Figure 4. Receiver operating characteristics curves for multi-dyspnea profile items A1 (unpleasantness or discomfort of breathing) and IPDS (sum of all questions).
Discussion
Main findings
The main findings of the present study were fourfold: (I) prevalence of EIB in British university field hockey athletes was 19% and greater in males (30%) than females (5%); (II) out of the nine participants identified as having EIB, six (66%) did not have a previous diagnosis of EIB or asthma and were untreated despite having a mean peak fall in FEV1 of 18%; (III) prevalence of EIB ranged from 19%–38% depending on the diagnostic FI criteria used; and (IIII) contemporaneous dyspnea symptoms (measured shortly after the EVH test) were higher in EIB+ participants and were sensitive in detecting an EIB diagnosis.
Prevalence of EIB
The present study comprised, to date, the largest cohort of field hockey athletes screened for EIB. The prevalence of EIB in our cohort of field hockey athletes (19%) supports that EIB is prevalent in competitive athletes (3–5). Interestingly, none of the nine EIB+ athletes had a formal diagnosis of EIB. Three had a current GP diagnosis of asthma along with prescribed asthma maintenance and reliever therapy. Between 40%–90% of individuals with a physician diagnosis of asthma are estimated to have EIB (17). Similarly, we found 75% of participants with a previous diagnosis of asthma to be EIB+. Conversely, six of nine EIB+ athletes (66%) had no previous diagnosis of asthma and EIB and were untreated. These findings support previous screening studies in elite athletes which uncover a significant amount of EIB+ athletes with no prior diagnosis (3). These findings highlight the importance of screening athletes for EIB to ensure they receive appropriate treatment. Adequate treatment is important to facilitate athletic performance and reduce the risk of life-threatening bronchoconstriction.

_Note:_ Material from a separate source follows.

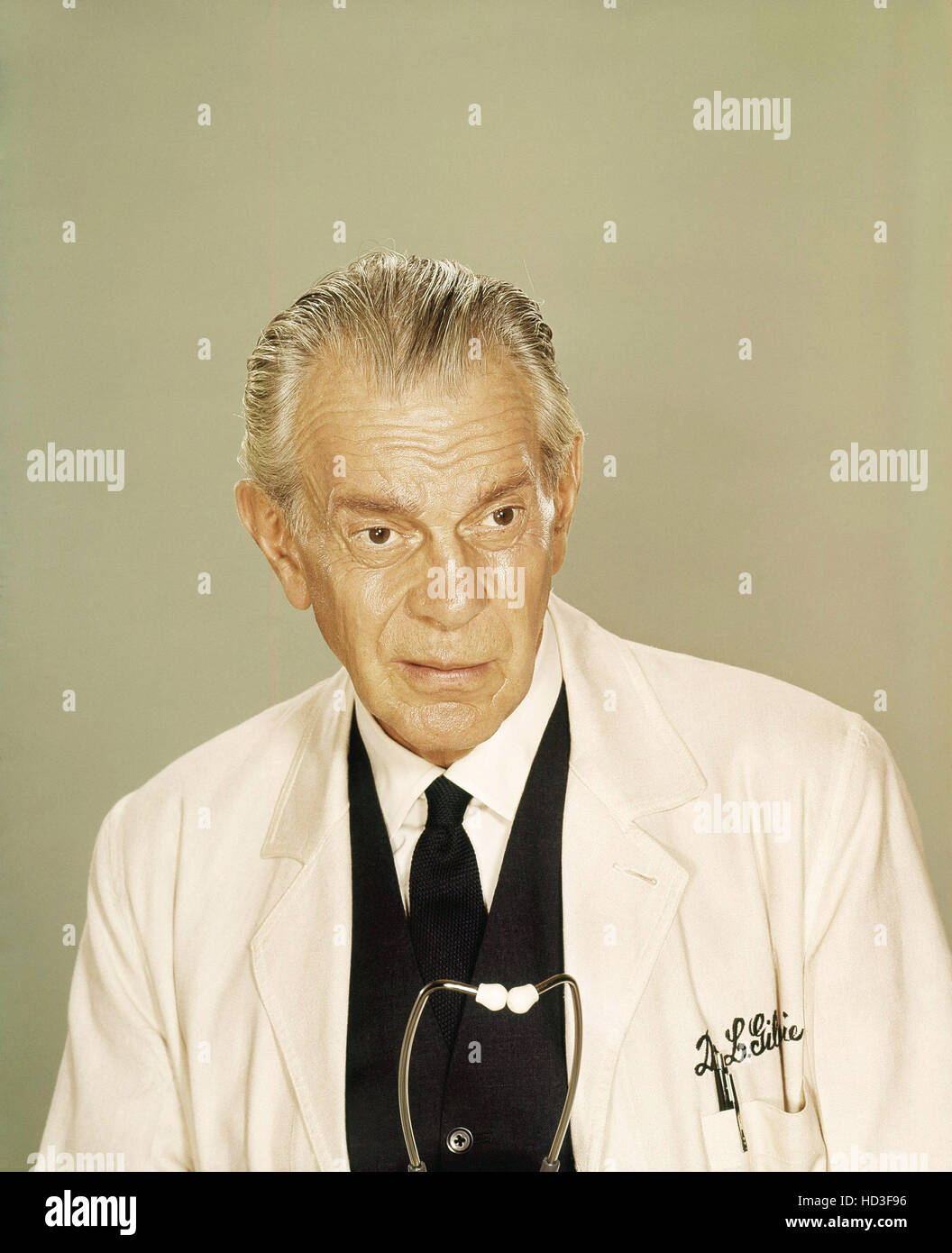 DR. KILDARE, Raymond Massey, 196166 Stock Photo Alamy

EIB prevalence in the present study was lower than reported in other mixed sex university athletic populations (39%–43%) (4, 5). This is due, in part, to previous studies using FI≥10% to diagnose EIB, which is less conservative than the FIATS criteria and therefore results in higher prevalence rates (9). Indeed, using FI≥10% in the current study yielded a 30% prevalence rate which is more comparable to previous reports (3–5, 18). Previous studies (4, 5) also screened for EIB in athletes from different sports, which affects prevalence rates. Compared to the present study, a higher prevalence of EIB (38%), based on FIATS, has been reported in 21 elite hockey athletes (sex not reported) (3). Higher prevalence may be explained, in part, by higher training volumes performed by elite hockey athletes, which exacerbates stress on the airways and thereby increase the risk of developing EIB (19). Compared with the present cohort, the elite hockey athletes also achieved a higher % of predicted MVV during EVH (79% vs. 71% in the present study); however, a relationship between the % of predicted MVV achieved during EVH and the subsequent fall in FEV1 was not observed in the present study nor in the study of elite hockey athletes (3).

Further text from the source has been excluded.